Mustahil zaman ini menemukan seorang sersan TNI AU punya pendidikan dan izin menerbangkan pesawat. Tapi pada masa Ismail Marzuki masih bocah di zaman Belanda, seorang sersan memang bisa menerbangkan pesawat.
Baca juga: Sersan Jacob Johannes Pilot Bumiputra Pertama
“Sekarang mulai ada juru terbang (vliegenier) bumiputra. Adapun yang mendapat kehormatan memperoleh nama vliegenier itu yang pertama-tama ialah tuan Jacob Johannes, orang Ambon, Inlandsch Sergeant Schrijver (sersan jurut tulis bumiputra),” terang surat kabar Pandji Poestaka, 24 Januari 1928.
Jadi, sembilan bulan sebelum Kongres Pemuda yang melahirkan Sumpah Pemuda, sudah ada pemuda Indonesia yang menjadi penerbang. Sersan Jacob Johannes adalah anggota Angkatan Laut Kerajaan Belanda.
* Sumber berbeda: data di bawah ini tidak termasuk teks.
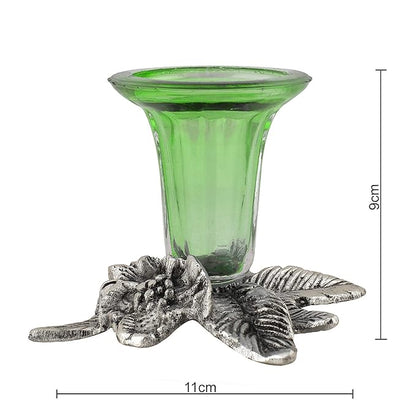 Antique Silver Candle Stand Grapevine, Diya Holder, Set of 2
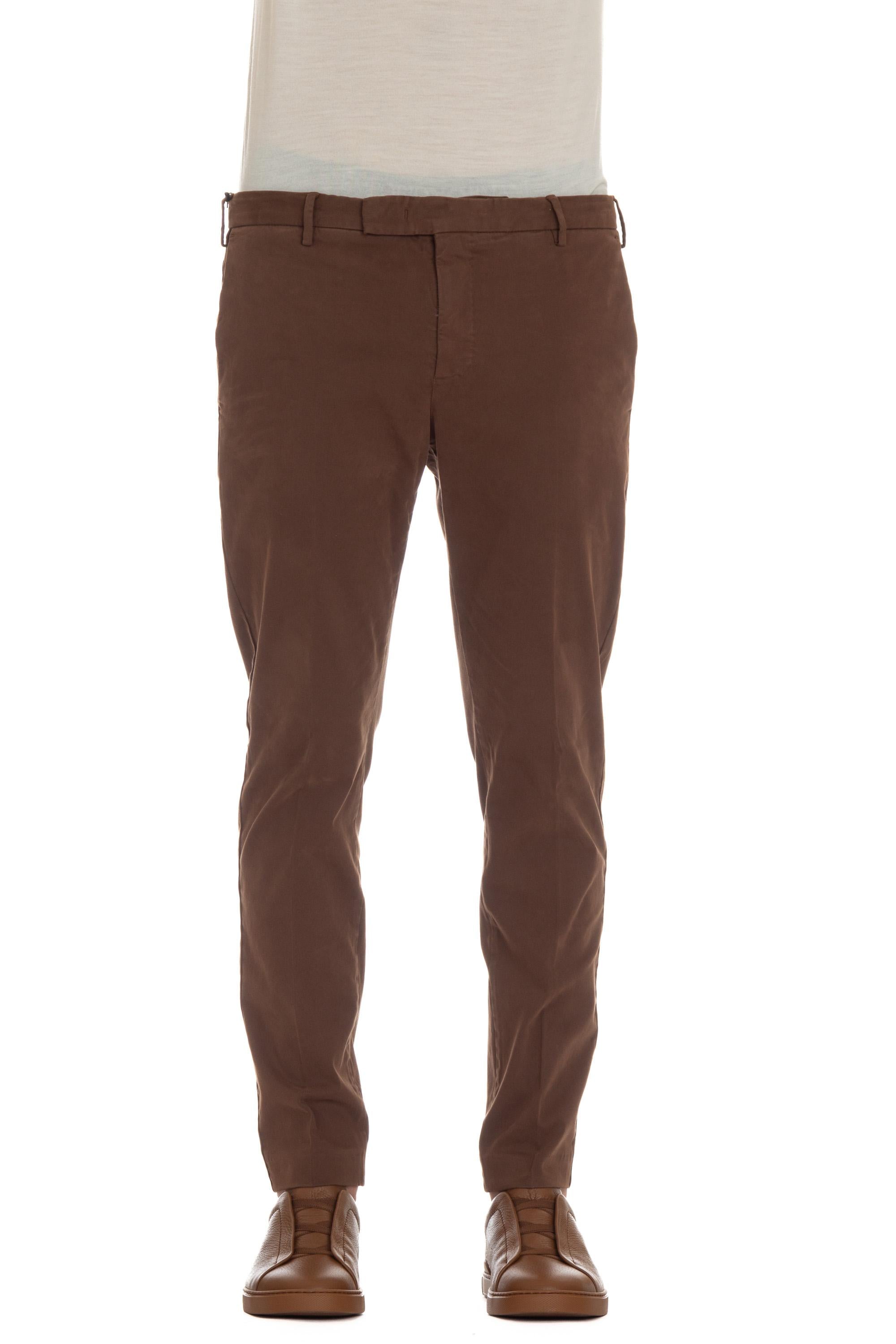PT Torino Pantalone in rasatello di cotone Dieci fit ATX0Z00FWD NK20_3 Y175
Satu dekade kemudian, ada sersan lain yang belajar terbang, juga orang Ambon, yaitu Sersan Julius Tahija.
“Setelah beberapa bulan pelatihan infanteri, saya mulai sekolah penerbangan di Jawa Barat,” kata Julius Tahija dalam Horizon Beyond. Pangkat Tahija waktu itu belum letnan dan baru masuk militer pada 1937.
Baca juga: Tinggi Badan Pas-Pasan Tapi Jadi Jenderal
KNIL punya sekolah penerbang di Kalijati, Subang. Sulit menemukan juru terbang di bagian penerbangan KNIL. Di bagian itu, orang Indonesia hanya jadi penjaga, juru ampelas atau tukang kayu. Paling hebat adalah Ahmad bin Talim yang bisa merakit pesawat terbang ringan. Jadi, penerbang macam Letnan Suryadi Suryadarma jelas luar biasa.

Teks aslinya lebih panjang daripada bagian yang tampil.